Oh my, I am really going to miss her. But, one of the advantages of aging is that one forgets, or, more accurately, begins to remember selectively, and, on occasion, with passionate reverence. Reading Days, the final book in the Tales of the City nonet, has wakened memories of all the decades during which I read the preceding eight volumes, and all the people I have been, known, loved and the places and times we lived together. I confess, last night, the great pleasure and joy of Days was accompanied by the melancholy of people and places I missed, and the thriving, real relationship in the book between Michael (Mouse) and Ben left me in a state of longing both for some of the relationships I did have, some I didn’t manage well, and, worst of all I think, those I will never manage now.
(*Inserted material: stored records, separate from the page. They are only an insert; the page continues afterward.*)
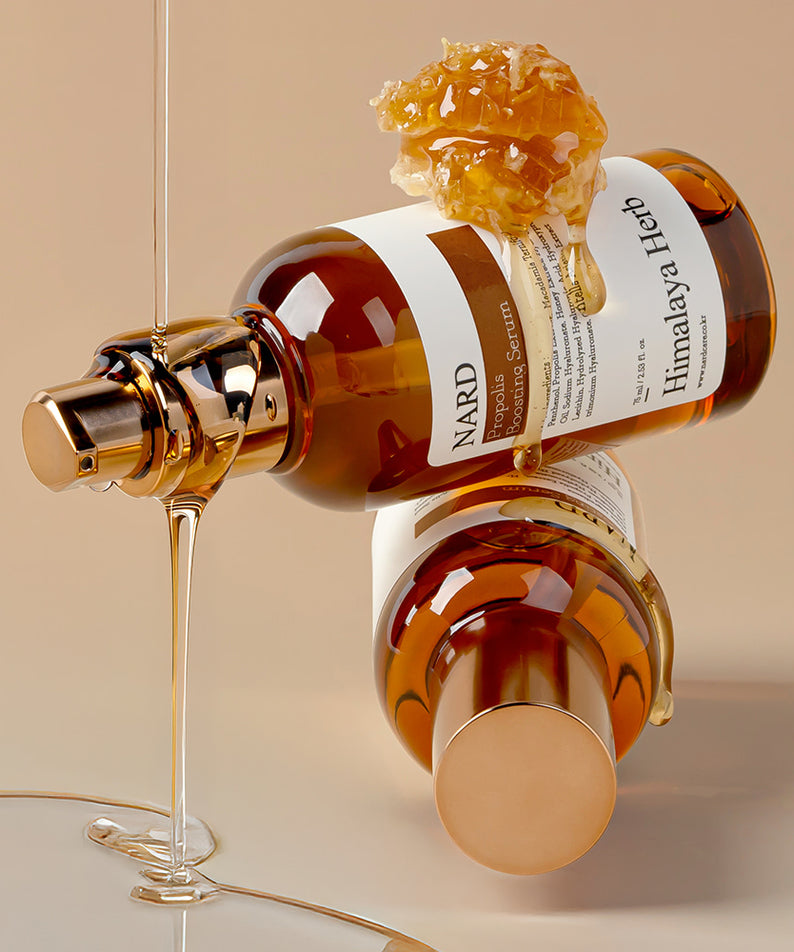 NARD Propolis Boosting Serum 75ml de NARD, flacon ambré sur fond beige, contexte visuel produit cosmétique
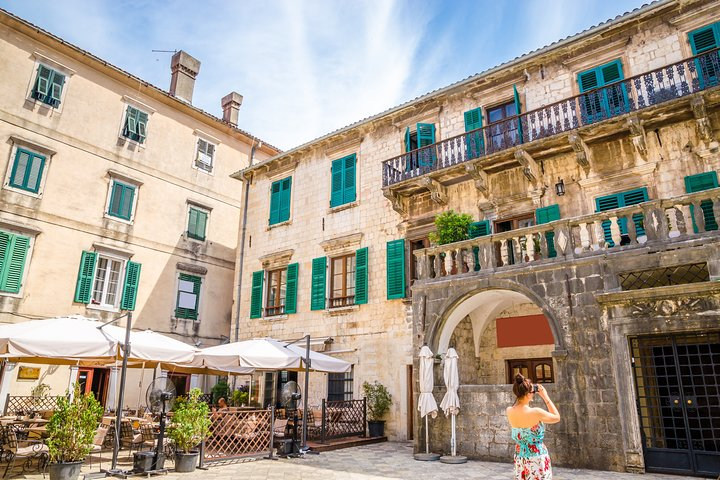 Pima Palace Kotor Old Town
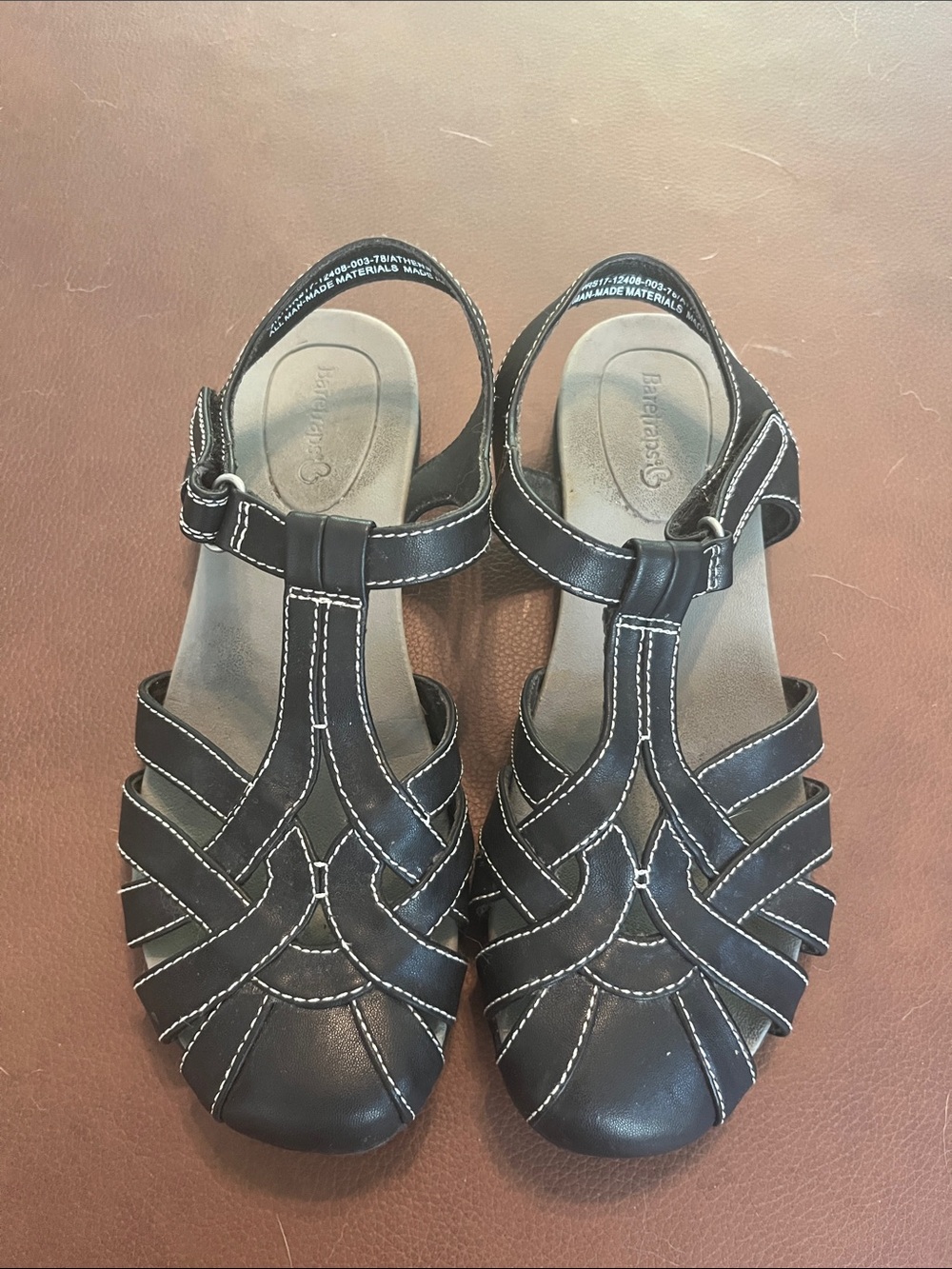 Baretraps closed toe black sandals 7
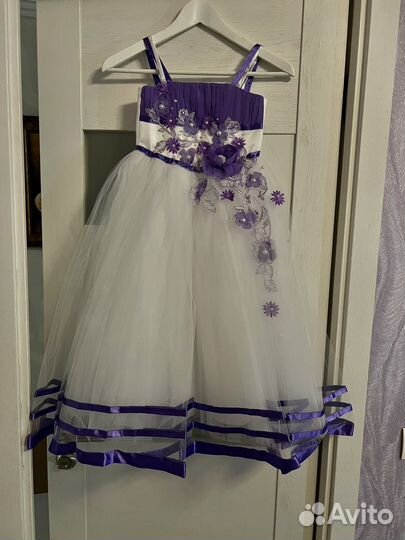 Платье для девочки новое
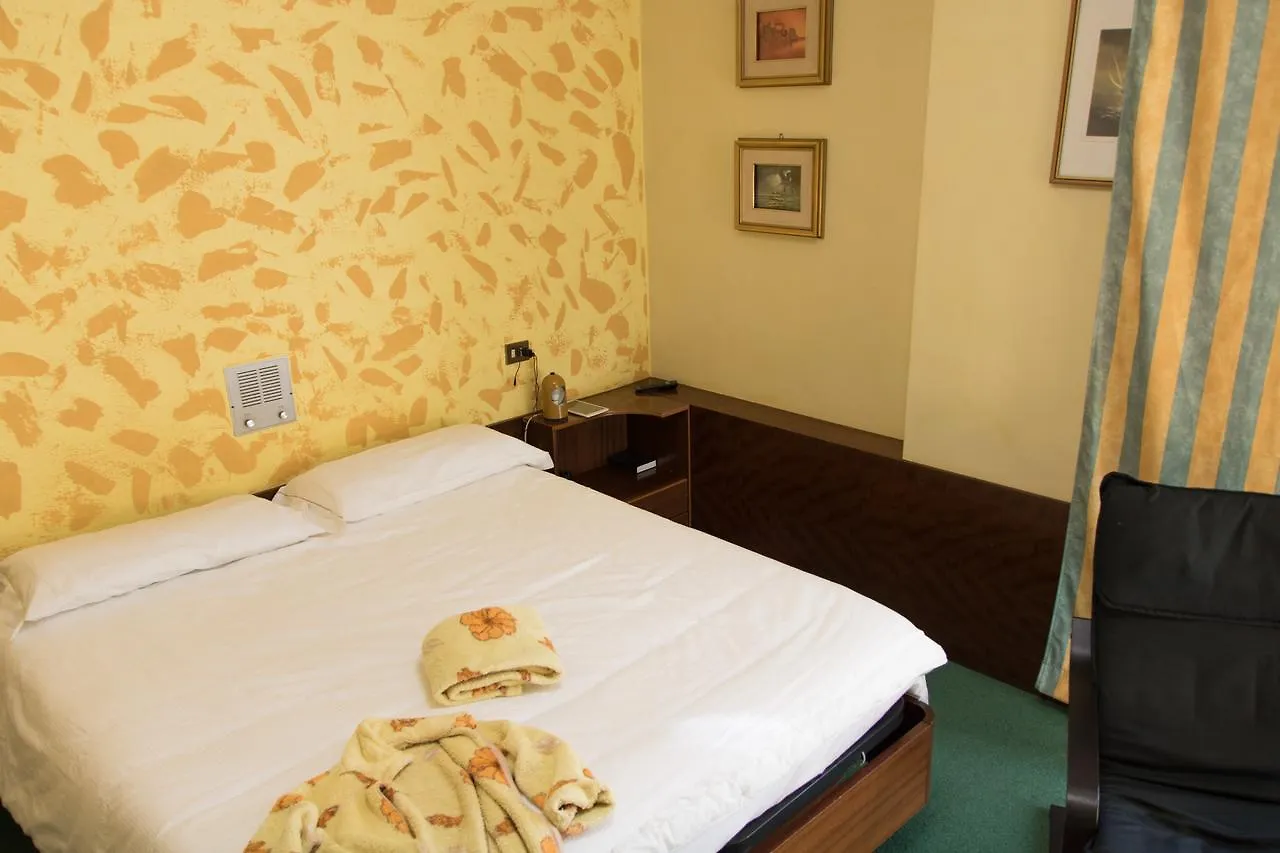 Residence Loreto Milan 3*,  Italy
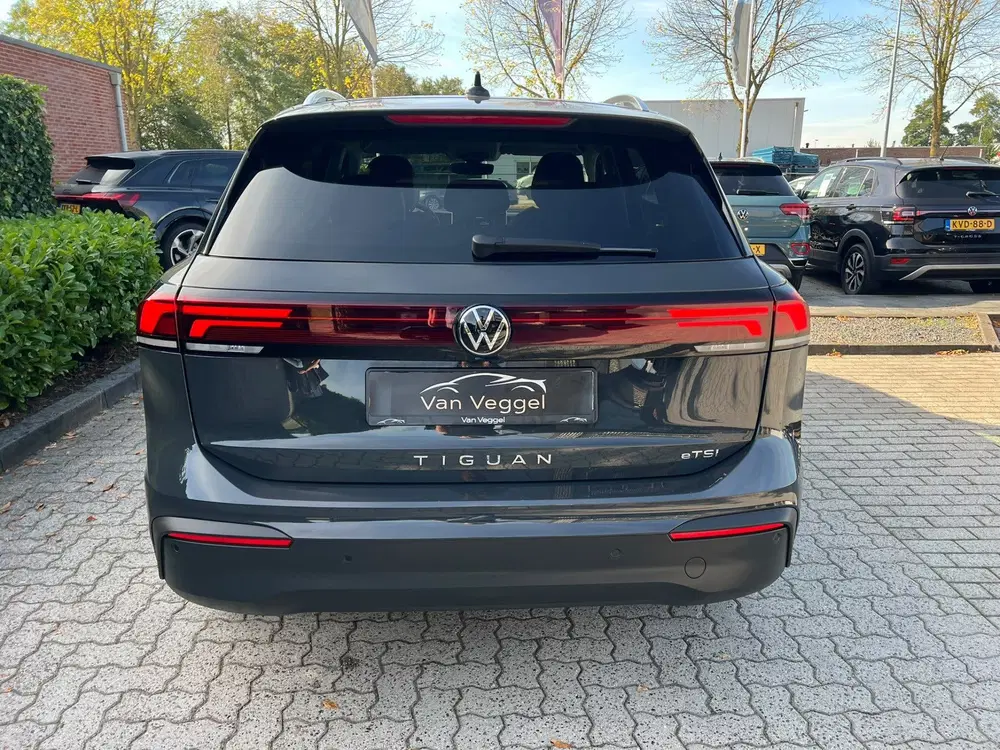 Volkswagen Tiguan 1.5 eTSI Life Business camera uit 2025, foto 12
Then Armistead (I feel we are on a first name basis, now) Favorited me. And it was all better. Well, better anyway.

So, I can’t stay long because I am luxuriating in a day during which I have nowhere to be and no one for whom I need do anything. It is me, my books, my space heater, my coffee and tea, and leftover sushi & Chinese from last night’s delivery. And the final 13 Chapters of Armistead’s The Days of Anna Madrigal await me. I suppose part of the melancholy is that I think – I suspect – I am in my final few chapters; things feel as if they are ending, somehow – difficult to explain, and unlike with Tales of the City, alas, when I am finished these last few chapters I cannot go back to Book One and appreciate it again and better from the start.

Make your days count children. And now, the random photo essay inspired by my Anna Madrigal reveries.

Bankhead, Tallulah

When I find myself getting lost in the past, on days when tears are shed from unexpected memory assaults, I become melodramatic and illogical, and my frame of reference sends scud-plosions into my consciousness. I often am uncontrollably considering myself one or another Tennessee Williams fragile tragediennes; most often, Blanche DuBois. Last night, it was Miss Tallulah Bankhead’s Blanche I thought most like me in that, though the role was written for her, she turned it down (read about this here), and when at last she did play it, well, legend has it that it did not go well, although after reading a letter from Mr. Williams himself (CLICK HERE) – it seems that is not completely true.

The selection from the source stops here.